= Imran series =

Urdu spy novel series

The Imran Series (Urdu عمران سیریز) is an Urdu spy fiction novel series created by Pakistani writer Ibn-e-Safi. Ali Imran is the pivotal character, a comical secret agent who controls the secret service as X-2 but appears to work as just another member of the secret service. Except for a handful of people, no one knows his status as the chief of the service.

The first novel of Imran series, Khaufnaak Imarat (The House of Fear) or (The Terrifying Building), (recently translated and published as The House of Fear by Random House, India) was published in October 1955. In early books Imran appears as a solo detective, but in the ninth book, Dhuaen ki Tehreer (The Scribbling in Smoke), he is portrayed as the chief of secret service as X-2. The same novels of Ibn-e-Safi are being published in new editions.

Humour, mystery, suspense, and psychology are the essence of Ibn-e-Safi's books. Ibn-e-Safi wrote 121 books of Imran Series and 124 books of Jasoosi Dunya "Detective World" 'Fareedi Hameed Series'. Before creating the Imran Series in August 1955, Ibn-e-Safi created Jasoosi Dunya 'The Detective World' 'Fareedi Hameed Series' in March 1952 and continued to write until his death in 1980.

Ibn-e-Safi created Imran Series and Jasoosi Duniya "Spy World 'Fareedi & Hameed Series' and Ibn-e-Safi is the best Imran Series writer. Both series created by him reached the peak of popularity. His character are famous in subcontinent and internationally. More than two hundred fake writers of Imran Series such as N Safi, Najma Safi, Naghma Safi, Aban Safi, H Iqbal, S Qureshi, MA Rahat, Azhar Kaleem, Ibn-e-Kaleem, Mazhar Kaleem, Safdar Shaheen etc. used the popularity of Imran Series and Jasoosi Duniya for themselves.

==Overview==
Following the footsteps of the first best-selling series, Jasoosi Dunya, this series features Ali Imran – a playful, yet deceiving personality. He is a bright young Oxford graduate with MSc and PhD degrees in chemistry. His comical and apparently incompetent persona hides his identity as head of a secret service. This series has been widely acclaimed for its high literary quality and strong character development.

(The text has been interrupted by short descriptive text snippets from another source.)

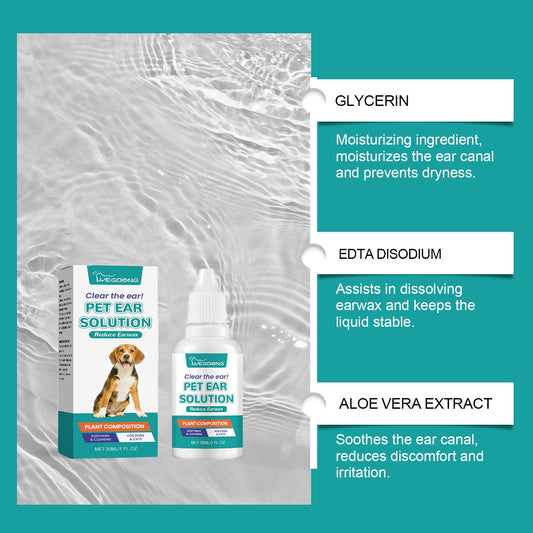Cat And Dog Cleaning And Decontamination Pet Ear Washing Agent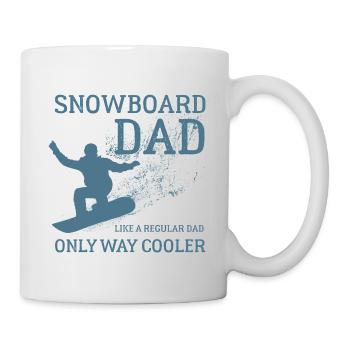 Snowboard Papa, Halfpipe, Sports d’hiver, Vacances au ski - Mug blanc - blanc - Droite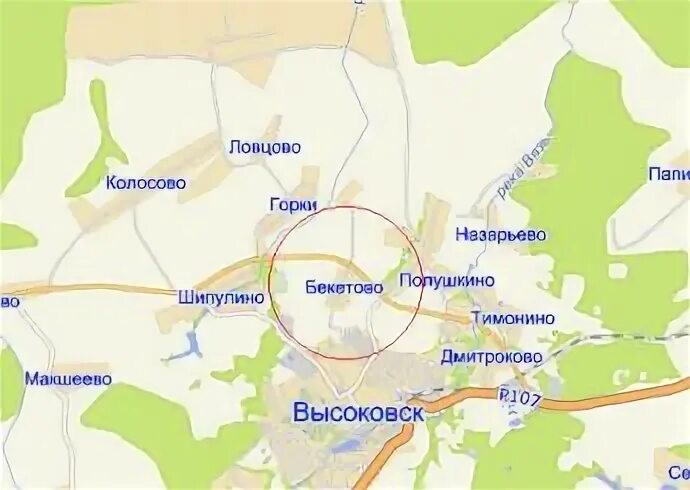 Бекетово карта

Imran Series explains the workings of a country's secret service that operates from the capital of the country (supposed by many to be Karachi in Pakistan which was the capital when initial Imran Series novels were written. Although Ibn-e-Safi was careful to never explicitly state this, villains often refer to the country as the "one from South Asia"). The Secret Service is administered by the Secretary of Internal Affairs, Sir Sultan, who offers Imran the position as its head after getting personal help from him in Raat ka Shahzadah (The Prince of Night – #8).

==Ali Imran==

Ali Imran is a pivotal character in Imran Series. Handsome and bright, the young-man holds MSc, and PhD degrees from Oxford University and has extraordinary sex appeal. He always appears comical and moronic, using these features to camouflage himself as one of the stupidest men. Always shown acting stupid, insane, and funny, he keeps the readers in hysterics at his every action. He never reveals his true side to anyone. He usually dresses eccentrically; for example, a pink coat, a light green shirt, a yellow necktie, white pants, and a purple flat hat with a red rose in it is his typical apparel. Ibne Safi refers to this as Imran's "Technicolor Outfit."

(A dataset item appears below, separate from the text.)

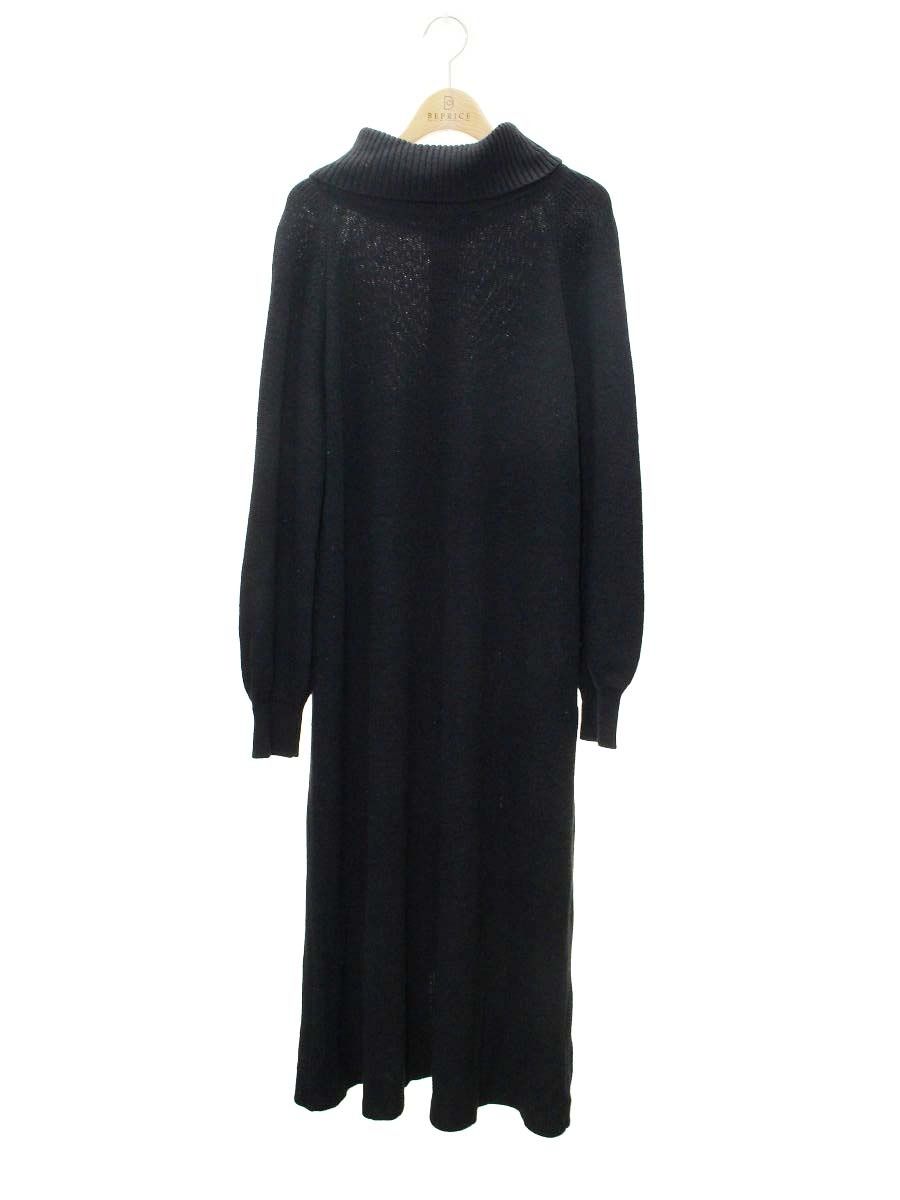 ブルーレーベルクレストブリッジ 55J79-643-09 ワンピース 38 ブラック ニット リボン ITLVS5S2Z54G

Imran is son of Amma Bi and Mr. Abdul-ur-Rahman, director general of the Central Intelligence Bureau and as being from Genghis Khan's bloodline, he has Mongol lineage. He resides in an apartment with his two most trusted assistants: Sulaiman, the cook, and Joseph Mugunda, his bodyguard. He is, most of the time, seen driving a two-seater sports car.

Imran purposefully keeps multi facets to his personality. As Imran—Ali Imran—he acts as an opportunist who can turn either a police informer or a blackmailer as the situation demands. A perfect cover to his profession. His other most significant personality facet is the Chief of the Secret Services: X-2. Only three other characters know his secret: Sir Sultan, Secretary of the Ministry of Internal Affairs; "Black Zero," or Tahir, who acts as X-2 in Imran's absence; and Roshi, a long time friend and a trusted partner. The other two personalities Imran assumes now and then are the Prince of Dhump, a warlord of a fictitious state known as Dhump, and Rana Tahavvar Ali Sandooqui, a wealthy landlord and businessman.

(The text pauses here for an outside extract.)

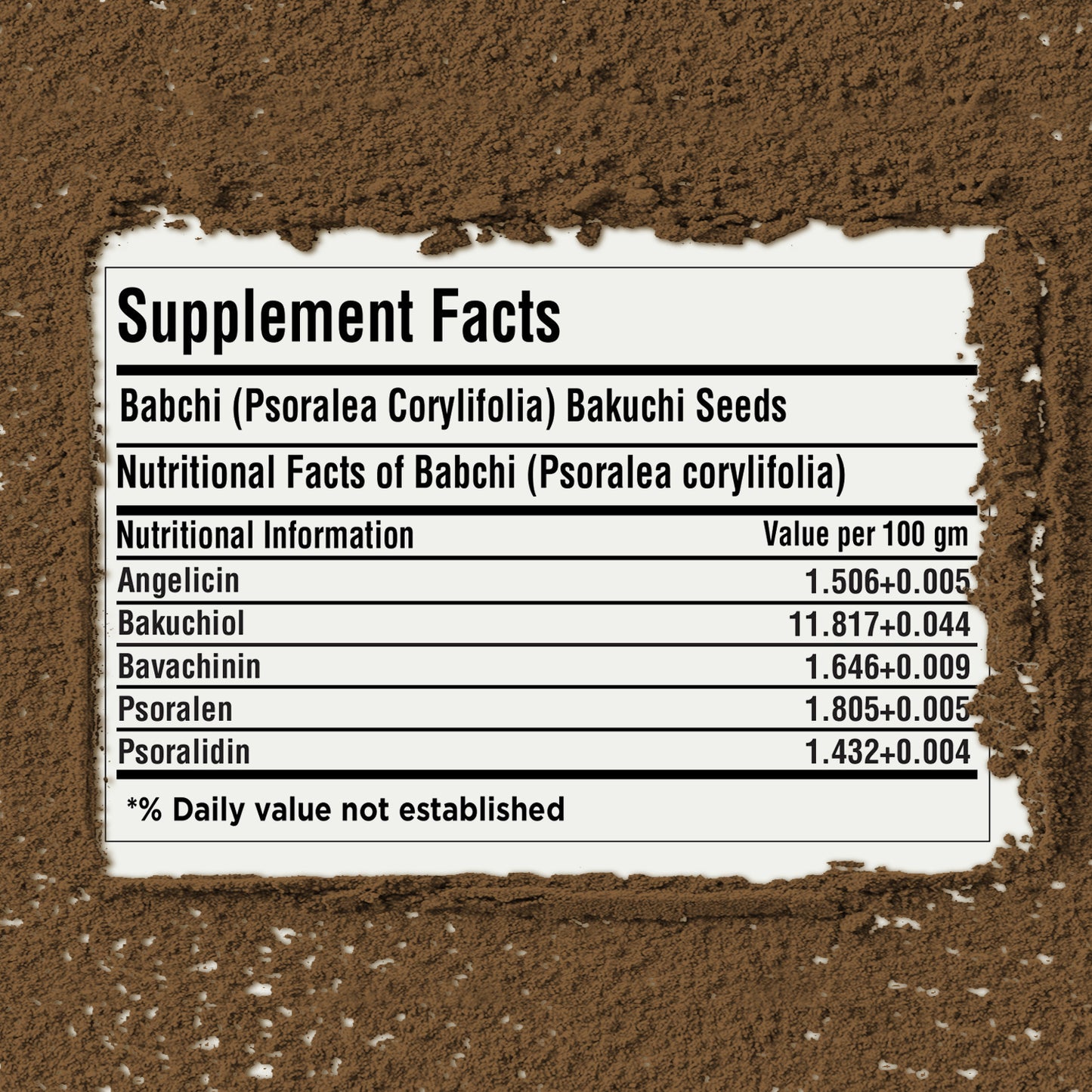 Babchi Powder (Psoralea Corylifolia) - Non GMO - Vegan - (230 Gms)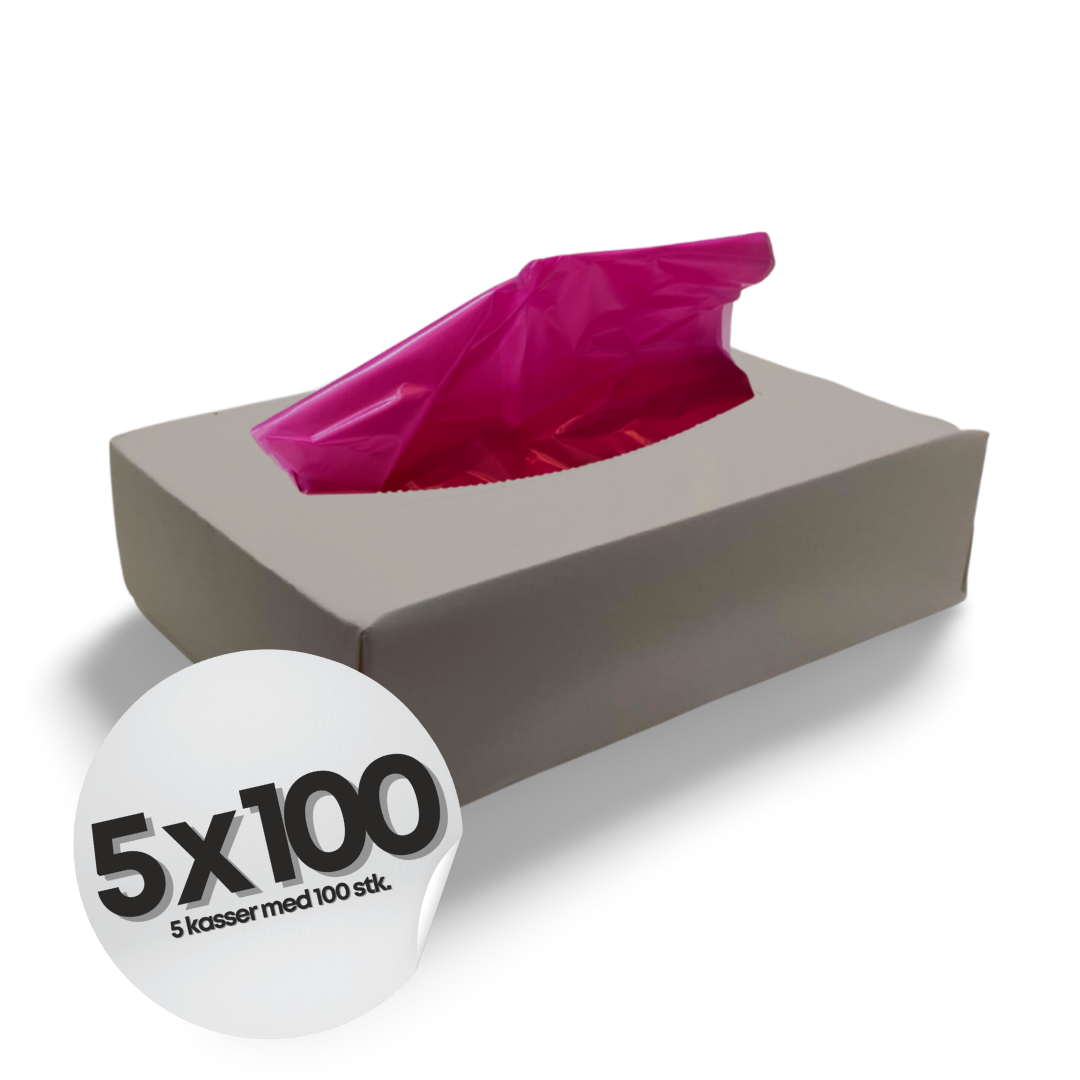 Bleieposer i eske, 5 x 100 stk., Rosa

Imran works as a normal member of the Secret Service and none of the other members had a slightest clue of his being their chief officer. These agents usually laugh him off and sneer at him, but as X-2, they really dread him. Imran's favourite agent is Safder Saeed.
Imran has perfected the art of dodging bullets. It is called "Sing Art," which he learns from an international Chinese criminal, Sing Hee. Imran calls him Uncle Sing (Chacha Sing) and in return, Sing Hee refers him as nephew. His another old time foe is T3B, Theresia Bumble-Bee of Bohemia. Theresia has a great crush on him but Imran hardly pay heed to her rather jeer at her sentiments.

He, like Col. Ahmad Kamal Faridi, has impregnable character vis-à-vis women. Due to his naive appearance and innocent looks, women are smitten with him, but he usually gives them a cold shoulder.

==Other characters==

One of Ibn-e-Safi's distinguished writing qualities include formation and development of characters. He has established characters in such a fashion that they appear to be real and materialised. And, Imran Series has a range of diverse, colourful, and sentient characters.

X-2, the chief of the secret service, in fact is Ali Imran (sometimes played by Tahir aka Black Zero). The members of the X-2's team are: Juliana Fitzwater, Safdar Saeed, Tanveer Ashraf, Khawar, Chauhan, Nomani, Siddeeque, Zafar ul Mulk, Jameson, and Nimi. Sir Sultan, Secretary of the Ministry of foreign affairs,

Roshni, an Anglo-Burmese girl, is Imran's long time friend; she was Imran's working partner for sometime, but later left him.

Captain Fayyaz is the Superintendent of the Central Intelligence Bureau. Not very sharp or intelligent, he with the help of Imran is able to solve numerous cases, which resulted in his promotions.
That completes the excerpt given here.